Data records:
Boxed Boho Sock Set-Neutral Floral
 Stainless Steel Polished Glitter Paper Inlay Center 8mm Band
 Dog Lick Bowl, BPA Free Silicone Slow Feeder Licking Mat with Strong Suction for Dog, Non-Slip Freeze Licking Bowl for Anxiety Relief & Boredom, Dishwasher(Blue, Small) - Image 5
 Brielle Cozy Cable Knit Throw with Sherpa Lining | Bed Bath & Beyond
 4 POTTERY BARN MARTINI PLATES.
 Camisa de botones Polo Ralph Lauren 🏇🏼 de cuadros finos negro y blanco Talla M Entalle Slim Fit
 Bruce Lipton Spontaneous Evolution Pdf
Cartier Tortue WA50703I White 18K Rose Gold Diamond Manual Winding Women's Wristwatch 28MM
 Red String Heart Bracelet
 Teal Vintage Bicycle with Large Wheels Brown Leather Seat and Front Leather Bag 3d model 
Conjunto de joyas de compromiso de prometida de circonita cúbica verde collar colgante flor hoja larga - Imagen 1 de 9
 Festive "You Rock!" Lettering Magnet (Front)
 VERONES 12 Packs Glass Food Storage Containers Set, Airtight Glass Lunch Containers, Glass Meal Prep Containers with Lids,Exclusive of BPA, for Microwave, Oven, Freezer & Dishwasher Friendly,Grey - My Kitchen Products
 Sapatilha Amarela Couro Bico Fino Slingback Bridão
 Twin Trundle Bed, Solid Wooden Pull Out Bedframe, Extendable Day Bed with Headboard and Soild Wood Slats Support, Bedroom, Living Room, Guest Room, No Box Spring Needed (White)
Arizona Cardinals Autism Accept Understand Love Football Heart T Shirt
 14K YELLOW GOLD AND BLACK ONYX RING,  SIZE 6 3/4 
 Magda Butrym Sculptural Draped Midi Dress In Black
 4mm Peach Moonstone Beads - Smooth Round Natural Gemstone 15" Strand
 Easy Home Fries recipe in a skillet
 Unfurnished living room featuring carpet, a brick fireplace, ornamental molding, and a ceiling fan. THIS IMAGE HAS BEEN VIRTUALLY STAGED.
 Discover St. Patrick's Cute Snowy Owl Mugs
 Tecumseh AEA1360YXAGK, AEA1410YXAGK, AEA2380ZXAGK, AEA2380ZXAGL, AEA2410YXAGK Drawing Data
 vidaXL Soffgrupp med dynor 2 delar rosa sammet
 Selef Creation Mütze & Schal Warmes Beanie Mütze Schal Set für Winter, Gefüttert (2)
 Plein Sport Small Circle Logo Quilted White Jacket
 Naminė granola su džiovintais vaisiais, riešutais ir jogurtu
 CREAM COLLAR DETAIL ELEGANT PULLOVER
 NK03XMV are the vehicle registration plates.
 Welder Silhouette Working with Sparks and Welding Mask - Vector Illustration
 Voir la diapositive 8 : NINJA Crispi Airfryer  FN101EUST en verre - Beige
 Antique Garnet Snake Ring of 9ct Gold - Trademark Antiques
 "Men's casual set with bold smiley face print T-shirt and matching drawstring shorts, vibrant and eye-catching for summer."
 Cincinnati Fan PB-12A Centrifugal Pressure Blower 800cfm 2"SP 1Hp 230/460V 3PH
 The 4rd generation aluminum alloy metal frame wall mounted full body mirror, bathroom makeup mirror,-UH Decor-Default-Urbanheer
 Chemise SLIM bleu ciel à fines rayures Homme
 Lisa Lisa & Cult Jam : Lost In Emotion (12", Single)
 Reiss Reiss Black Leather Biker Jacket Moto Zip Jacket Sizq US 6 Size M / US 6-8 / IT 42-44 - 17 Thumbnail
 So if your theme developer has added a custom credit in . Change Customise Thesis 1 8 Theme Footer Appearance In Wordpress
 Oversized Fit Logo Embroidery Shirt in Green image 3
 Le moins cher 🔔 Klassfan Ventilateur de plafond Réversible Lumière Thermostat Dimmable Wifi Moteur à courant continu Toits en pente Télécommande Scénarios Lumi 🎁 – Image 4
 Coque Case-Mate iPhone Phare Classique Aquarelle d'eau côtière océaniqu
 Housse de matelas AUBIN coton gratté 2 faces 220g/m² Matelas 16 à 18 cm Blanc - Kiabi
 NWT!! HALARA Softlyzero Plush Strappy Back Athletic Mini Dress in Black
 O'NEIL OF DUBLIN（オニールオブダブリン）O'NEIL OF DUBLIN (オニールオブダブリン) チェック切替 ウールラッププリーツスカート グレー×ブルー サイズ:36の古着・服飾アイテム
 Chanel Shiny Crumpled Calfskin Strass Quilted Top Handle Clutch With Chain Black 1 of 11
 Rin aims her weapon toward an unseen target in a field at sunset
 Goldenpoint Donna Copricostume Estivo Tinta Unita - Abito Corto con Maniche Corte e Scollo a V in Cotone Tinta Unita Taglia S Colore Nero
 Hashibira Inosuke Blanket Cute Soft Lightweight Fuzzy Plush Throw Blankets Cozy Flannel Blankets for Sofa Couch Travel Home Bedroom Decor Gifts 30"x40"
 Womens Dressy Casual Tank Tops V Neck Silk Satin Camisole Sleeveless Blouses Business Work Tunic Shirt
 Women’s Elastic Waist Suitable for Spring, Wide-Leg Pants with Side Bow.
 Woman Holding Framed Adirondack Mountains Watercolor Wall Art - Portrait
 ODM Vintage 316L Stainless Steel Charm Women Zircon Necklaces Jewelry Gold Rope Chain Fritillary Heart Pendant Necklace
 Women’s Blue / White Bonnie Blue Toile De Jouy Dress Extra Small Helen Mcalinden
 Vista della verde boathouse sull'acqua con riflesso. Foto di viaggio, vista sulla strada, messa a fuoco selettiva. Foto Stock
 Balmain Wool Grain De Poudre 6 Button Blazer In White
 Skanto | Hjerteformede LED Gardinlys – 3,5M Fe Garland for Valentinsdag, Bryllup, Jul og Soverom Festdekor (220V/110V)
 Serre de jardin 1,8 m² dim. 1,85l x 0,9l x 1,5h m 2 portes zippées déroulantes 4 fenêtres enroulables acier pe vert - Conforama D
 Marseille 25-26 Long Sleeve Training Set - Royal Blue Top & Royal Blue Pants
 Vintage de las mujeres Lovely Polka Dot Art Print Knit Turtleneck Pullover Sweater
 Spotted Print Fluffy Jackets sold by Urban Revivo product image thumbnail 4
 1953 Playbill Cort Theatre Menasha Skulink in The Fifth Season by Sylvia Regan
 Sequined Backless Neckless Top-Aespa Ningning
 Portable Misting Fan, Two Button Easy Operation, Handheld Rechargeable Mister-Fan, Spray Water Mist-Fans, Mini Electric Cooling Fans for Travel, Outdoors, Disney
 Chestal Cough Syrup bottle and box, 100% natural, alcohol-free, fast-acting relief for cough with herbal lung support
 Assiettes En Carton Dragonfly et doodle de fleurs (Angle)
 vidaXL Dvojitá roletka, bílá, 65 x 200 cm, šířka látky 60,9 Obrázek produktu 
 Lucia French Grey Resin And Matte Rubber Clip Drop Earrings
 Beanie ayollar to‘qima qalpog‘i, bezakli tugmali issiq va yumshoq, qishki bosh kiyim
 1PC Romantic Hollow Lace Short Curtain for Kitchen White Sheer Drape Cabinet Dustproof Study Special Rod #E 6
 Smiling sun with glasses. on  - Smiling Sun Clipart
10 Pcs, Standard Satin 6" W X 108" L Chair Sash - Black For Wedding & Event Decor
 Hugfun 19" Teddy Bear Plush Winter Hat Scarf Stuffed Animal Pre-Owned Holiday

Task item: Both the line containing "Marseille 25-26 Long" and the line containing "Assiettes En Carton" belong in the answer. Print them and every line above that falls between them exactly, and no others.

Answer to the problem:
 Marseille 25-26 Long Sleeve Training Set - Royal Blue Top & Royal Blue Pants
 Vintage de las mujeres Lovely Polka Dot Art Print Knit Turtleneck Pullover Sweater
 Spotted Print Fluffy Jackets sold by Urban Revivo product image thumbnail 4
 1953 Playbill Cort Theatre Menasha Skulink in The Fifth Season by Sylvia Regan
 Sequined Backless Neckless Top-Aespa Ningning
 Portable Misting Fan, Two Button Easy Operation, Handheld Rechargeable Mister-Fan, Spray Water Mist-Fans, Mini Electric Cooling Fans for Travel, Outdoors, Disney
 Chestal Cough Syrup bottle and box, 100% natural, alcohol-free, fast-acting relief for cough with herbal lung support
 Assiettes En Carton Dragonfly et doodle de fleurs (Angle)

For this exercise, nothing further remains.